▶ [WHAT YOU SHOULD DO]: I'd like the entries repeated exactly, without their pictures.

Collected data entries
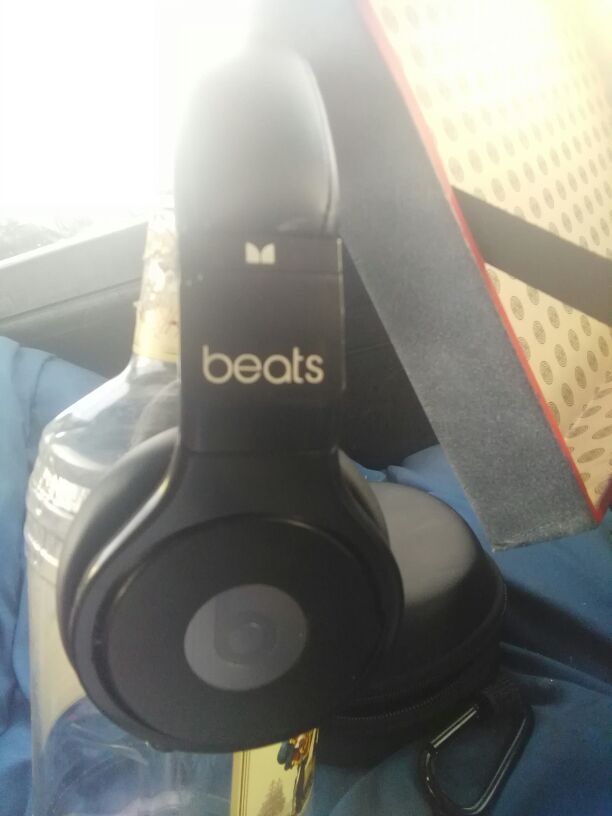 Beats headphones Dr Dre Detox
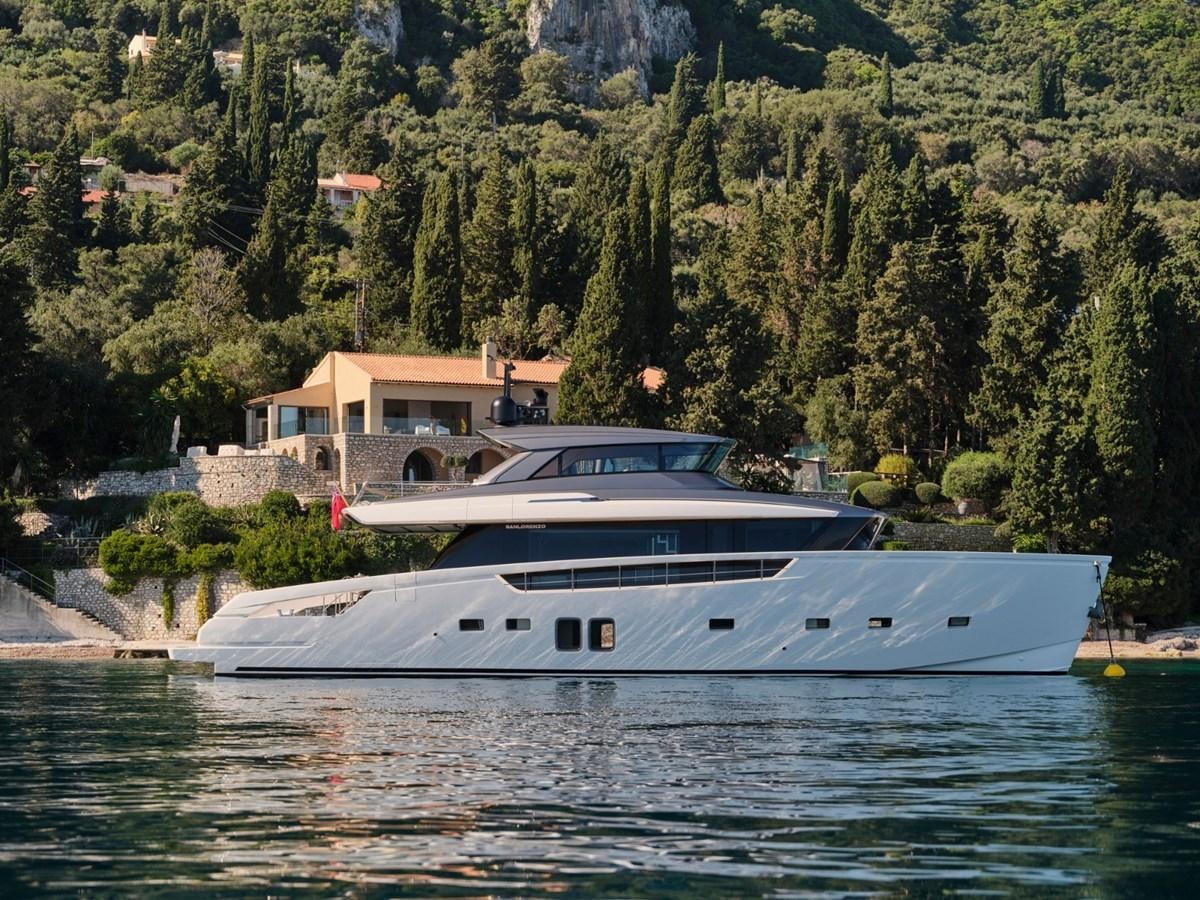 a boat on the water aboard 2022 SANLORENZO SX76 #72 Yacht for Sale
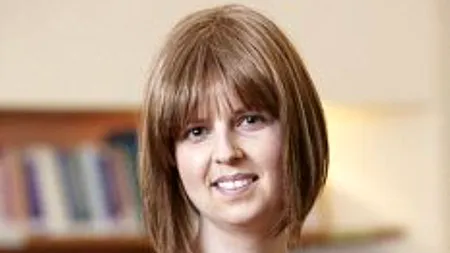 O femeie din Marea Britanie susține că mușcătura unui leu i-a salvat viața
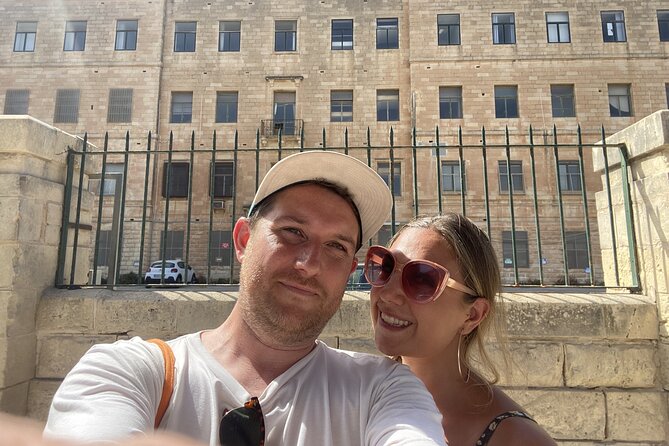 Valletta's Hidden Minds: Self-Guided Psychological Puzzle Walk - City Gate gives you the first clue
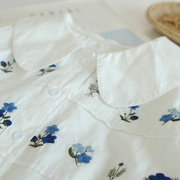秋季文艺小清新甜美蓝色系，花朵刺绣白色长袖，衬衫女娃娃领衬衣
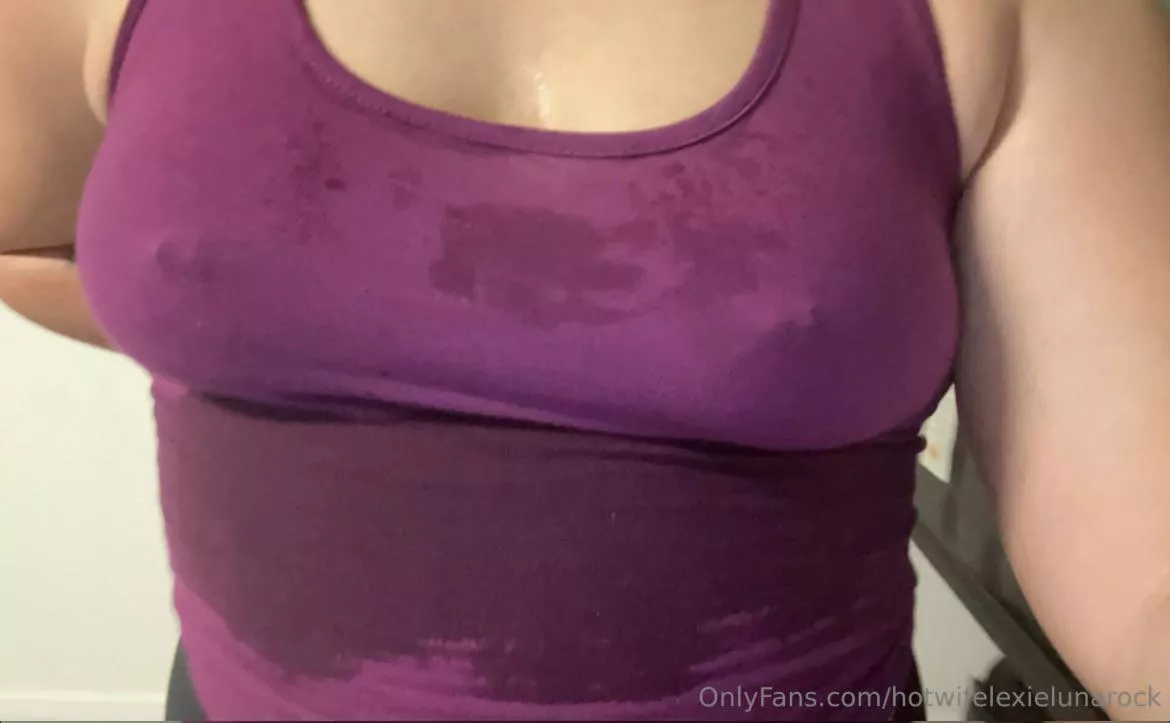 [f] nice and sweaty after a good workout 🥵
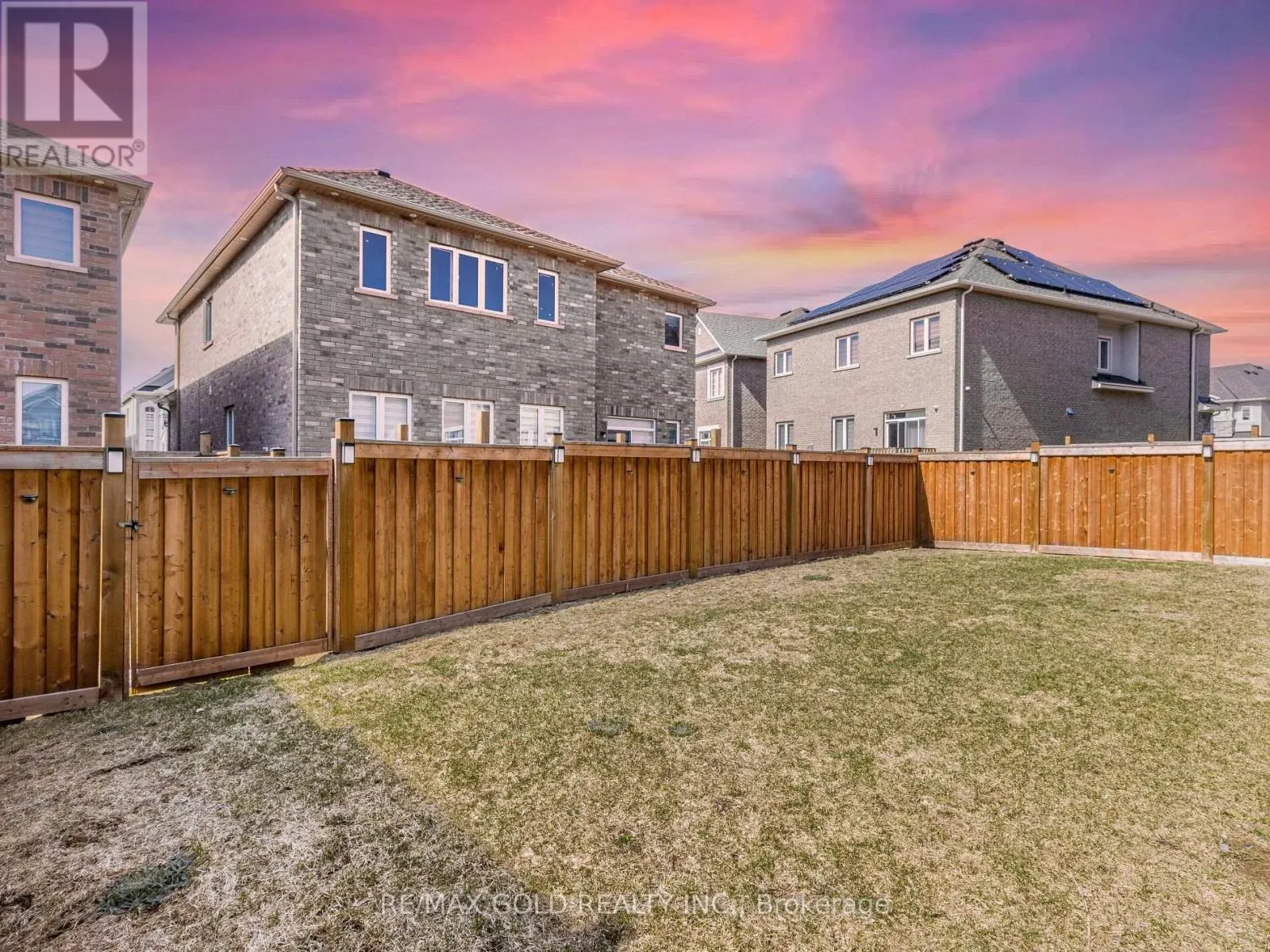 11 ELVERTON CRESCENT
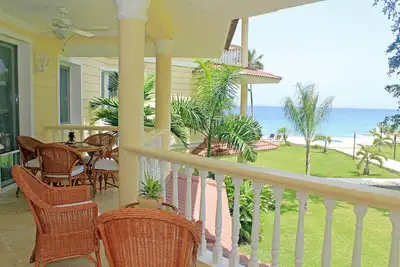 Image de Sea-views condo on private sandy beach with infinity pool, steps from shopping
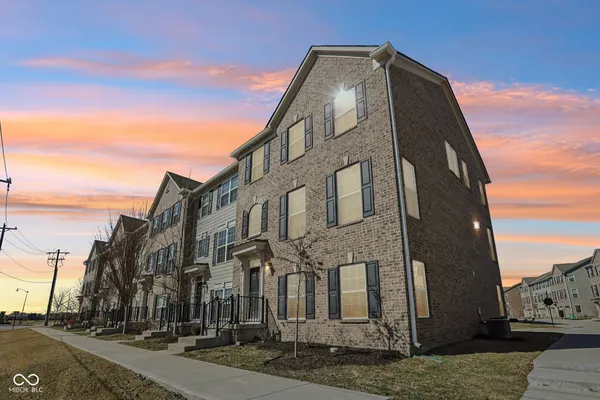 $405,000 | 14207 McNichols Way, Carmel, IN 46033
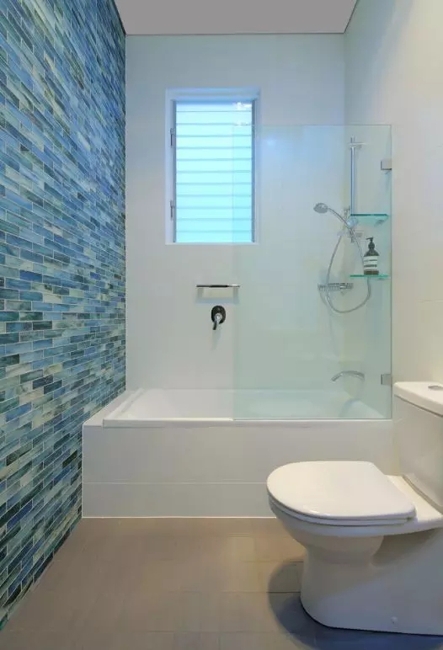 glass tiles modern bathroom design remodeling ideas
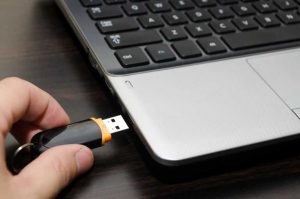 Kısayol Virüsü Nedir? USB Bellek Kısayol Virüsü Nasıl Temizlenir?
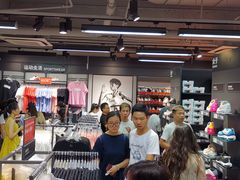 -NIKE上海青浦优选体验店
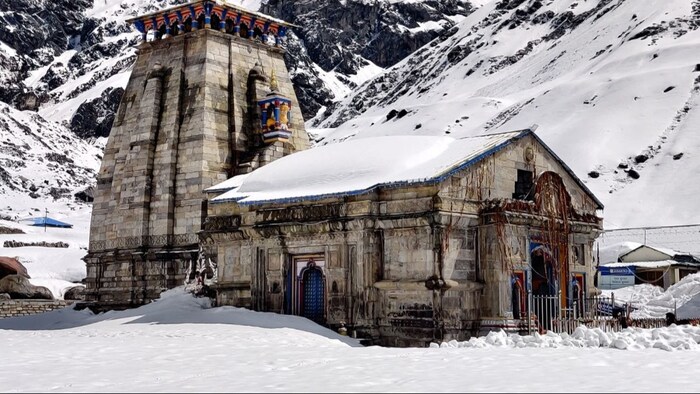 केदारनाथ में बर्फबारी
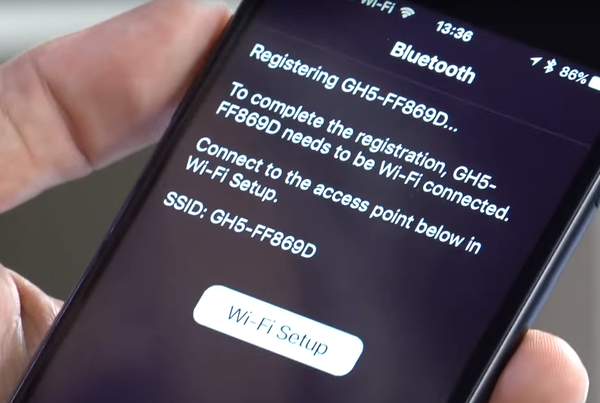 Phone waiting to connect to the camera.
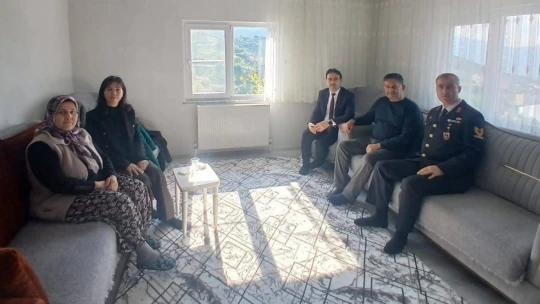 Jandarma ekipleri şehit ailelerini yalnız bırakmıyor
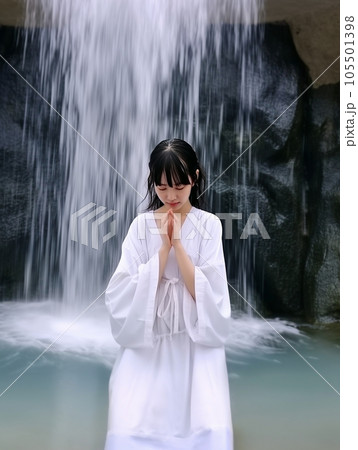 滝に打たれる若い女性 105501398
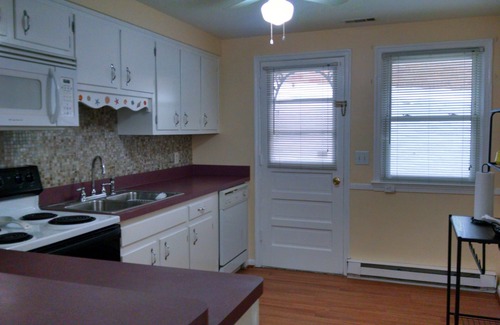 Cottage Line Apartment | Affordable Beach Vacation 50 Steps from Ocean View Beach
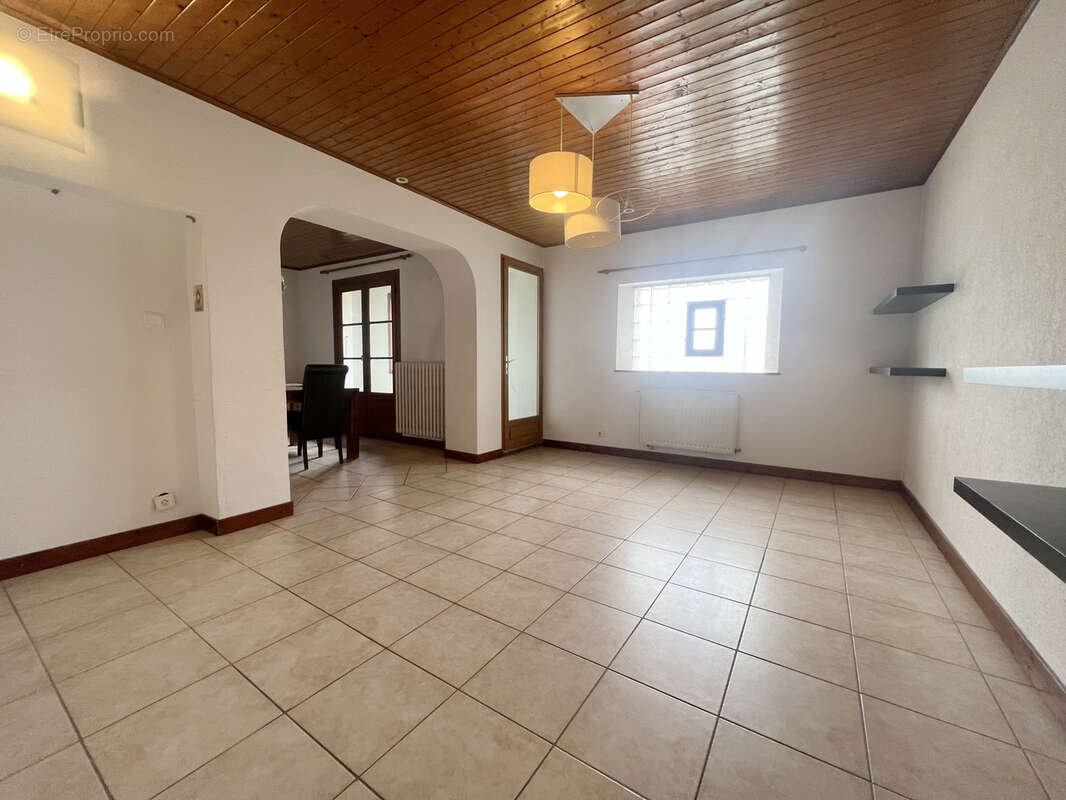 Maison à ANTHY-SUR-LEMAN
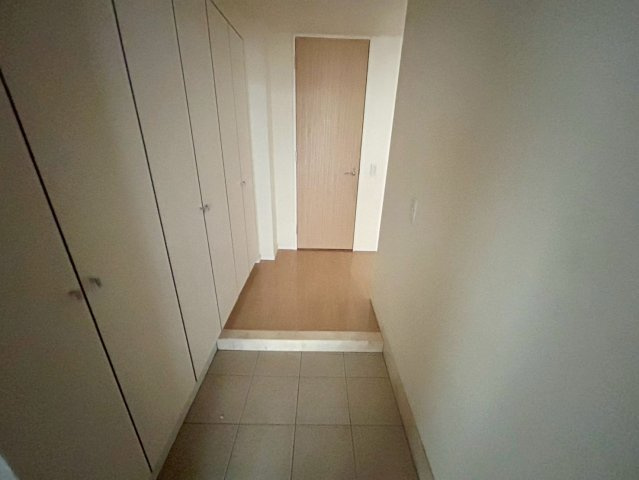 【玄関】 | ミッドオアシスタワーズ橋本 | 玄関は家の顔でもあり、家族以外の目にも止まる場所です。玄関は外との間を仕切る扉、靴などをしまっておく収納スペース、靴脱ぎのたたきスペース、来客とのやり取りをするドアホンなど複数のアイテムからなります。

▶ [ANSWER SECTION]:
 Beats headphones Dr Dre Detox
 a boat on the water aboard 2022 SANLORENZO SX76 #72 Yacht for Sale
 O femeie din Marea Britanie susține că mușcătura unui leu i-a salvat viața
 Valletta's Hidden Minds: Self-Guided Psychological Puzzle Walk - City Gate gives you the first clue
秋季文艺小清新甜美蓝色系，花朵刺绣白色长袖，衬衫女娃娃领衬衣
 [f] nice and sweaty after a good workout 🥵
 11 ELVERTON CRESCENT
 Image de Sea-views condo on private sandy beach with infinity pool, steps from shopping
 $405,000 | 14207 McNichols Way, Carmel, IN 46033
 glass tiles modern bathroom design remodeling ideas
 Kısayol Virüsü Nedir? USB Bellek Kısayol Virüsü Nasıl Temizlenir?
 -NIKE上海青浦优选体验店
 केदारनाथ में बर्फबारी
 Phone waiting to connect to the camera.
 Jandarma ekipleri şehit ailelerini yalnız bırakmıyor
 滝に打たれる若い女性 105501398
 Cottage Line Apartment | Affordable Beach Vacation 50 Steps from Ocean View Beach
 Maison à ANTHY-SUR-LEMAN
 【玄関】 | ミッドオアシスタワーズ橋本 | 玄関は家の顔でもあり、家族以外の目にも止まる場所です。玄関は外との間を仕切る扉、靴などをしまっておく収納スペース、靴脱ぎのたたきスペース、来客とのやり取りをするドアホンなど複数のアイテムからなります。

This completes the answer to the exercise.